At Metacritic, which assigns a normalized rating out of 100 to reviews from critics, the album received an average score of 63, based on 7 reviews, indicating "generally favorable reviews".
User Album Review
It's hard to believe the Prodigy will be celebrating a 30th anniversary soon, and there's something comforting in the knowledge that they've continued to soldier on, releasing albums of reliably grimy and confrontational big beat electronic every four or five years.
This is classic Prodigy as you've known them for the last 20 years or so, and how you feel about that assessment will probably be a good indicator for how much you'll enjoy No Tourists.
Things start out solidly enough with "Need Some1," which features a breaking glass sound just like the one in "Break and Enter," which opened the band's pre-breakthrough (and arguably best) album, 1994's Music for the Jilted Generation. It's a knowingly slick touch, earning some early goodwill that never truly dissipates. (The synths in following track "Light Up the Sky" are ripped straight from "Voodoo People" as well, if you're into that.)
Shortly after, the imposing strings of the title track add some "Kashmir"-lite grandeur to the proceedings, setting it apart from the rest of the album, and late album highlight "Boom Boom Tap" has an amusingly goofy vibe, although its climactic "fuck you" lyric right before the beat hits probably isn't supposed to be funny.

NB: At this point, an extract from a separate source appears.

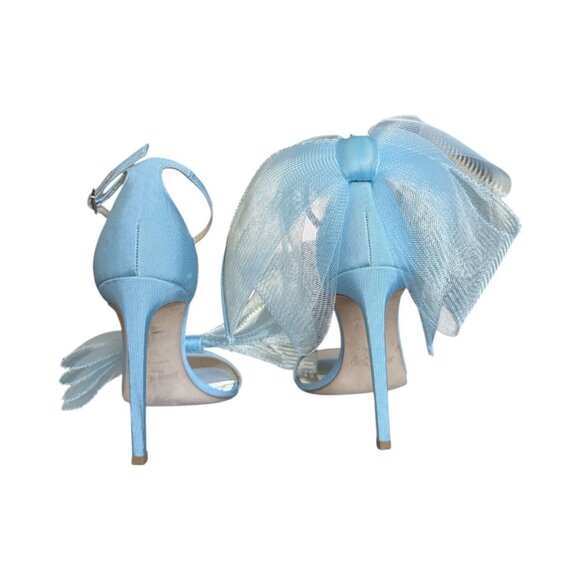 JIMMY CHOO Aveline Bow Sandals EU 39 US 9 Blue Wedding Bridal Heel - Picture 8 of 9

Less appealing are the self-consciously "hard" tracks like "Champions of London," an aspect of the Prodigy's style that hasn't aged well; it's the stuff of WWE intros and energy drink commercials. That said, if you don't mind a little bit of posturing with your bone-cracking beats (and the beats throughout are certainly as solid as any Howlett has written), then No Tourists has you covered — but the title says it all: This one's for the locals.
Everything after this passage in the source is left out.